The long-anticipated score immediately puts the writers and supporters of the GOP Obamacare bill on the defensive. It is also certain to complicate the party’s already troubled efforts to repeal and replace the Affordable Care Act.

The Republican bill, titled the American Health Care Act, would reduce the federal deficits by $337 billion over 10 years, the CBO said.

The legislation, introduced last Monday, has sparked deep concern among Republican lawmakers in both the House and the Senate. The sources of unease are wide-ranging.

Prominnent conservatives on Capitol Hill, for example, have argued that the bill doesn’t go far enough, labeling it “Obamacare Lite.” One element of the legislation that has drawn fierce scorn is the refundable tax credits, which conservative Republicans say amounts to an entitlement program.

As proposed Medicaid changes go into effect, the CBO projects this could rise to 24 million by 2026.

President Trump has endorsed the plan.

You may recall President Trump, on January 25, said, “We’re gonna come up with a new plan that’s going to be better health care for more people at a lesser cost.”

“I firmly believe that nobody will be worse off financially in the process that we’re going through,” Health and Human Services Secretary Tom Price said on NBC’s “Meet the Press” Sunday.

Bolding is mine.

Poll: 54% Of Americans Support Obamacare

While Congressional Republicans are moving quickly to push their “repeal & replace” of the Affordable Care Act (also known as “Obamacare”), a new poll shows the 2010 health care legislation has hit it’s highest level of support yet.

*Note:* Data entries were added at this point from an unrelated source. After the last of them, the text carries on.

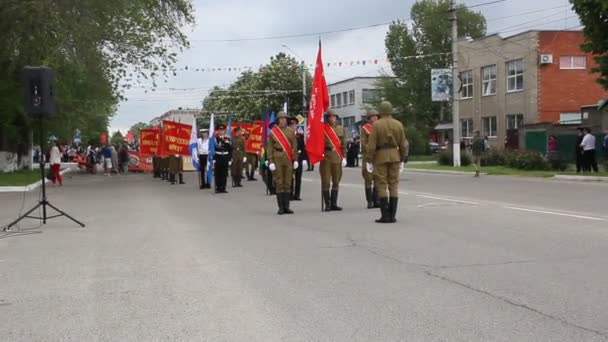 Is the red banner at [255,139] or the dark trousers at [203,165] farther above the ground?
the red banner at [255,139]

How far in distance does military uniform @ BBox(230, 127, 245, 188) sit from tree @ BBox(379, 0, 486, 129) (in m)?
46.0

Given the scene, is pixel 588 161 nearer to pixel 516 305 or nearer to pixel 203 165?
pixel 203 165

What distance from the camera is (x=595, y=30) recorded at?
25.2 meters

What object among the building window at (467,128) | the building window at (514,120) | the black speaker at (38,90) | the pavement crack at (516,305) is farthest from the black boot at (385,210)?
the building window at (467,128)

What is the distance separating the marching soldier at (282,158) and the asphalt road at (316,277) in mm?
392

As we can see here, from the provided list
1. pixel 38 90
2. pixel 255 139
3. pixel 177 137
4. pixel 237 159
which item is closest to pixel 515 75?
pixel 255 139

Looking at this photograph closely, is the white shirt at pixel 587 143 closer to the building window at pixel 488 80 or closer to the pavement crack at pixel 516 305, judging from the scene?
the pavement crack at pixel 516 305

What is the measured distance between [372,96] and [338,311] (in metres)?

According to Pew Research, 54% approve of the health care law passed seven years ago by Barack Obama and Congress, while 43% disapprove

This past December, the numbers were much closer – 48% approved versus 47% disapproved.

Of course, the results fall right down partisan divisions: Democrats show 85% approval for the ACA, while Republicans disapprove to the tune of 89%.

A slight majority of Independents (53%) approve, with 45% giving a thumbs down.

Matt Baume On How The Repeal Of Obamacare Would Affect LGBTs

From super-smart guy Matt Baume (via Huffington Post):

If the ACA is repealed, as Republicans are trying to do, not only would 32 million people lose health care, according to the Congressional Budget Office, but LGBTs would be disproportionately affected. And “disproportionately affected” is a phrase which here means “get sick and die.”

For example, HIV treatment can cost thousands of dollars per month. Insurance companies that don’t want to pay for that treatment could just refuse to cover all gay people on the basis that gay men are more likely to be HIV positive. Or they could raise monthly premiums just for gays. Or they could create a lifetime cap, so you pay into their system and then as soon as you need expensive treatment, they drop you. All this was legal until the ACA banned it.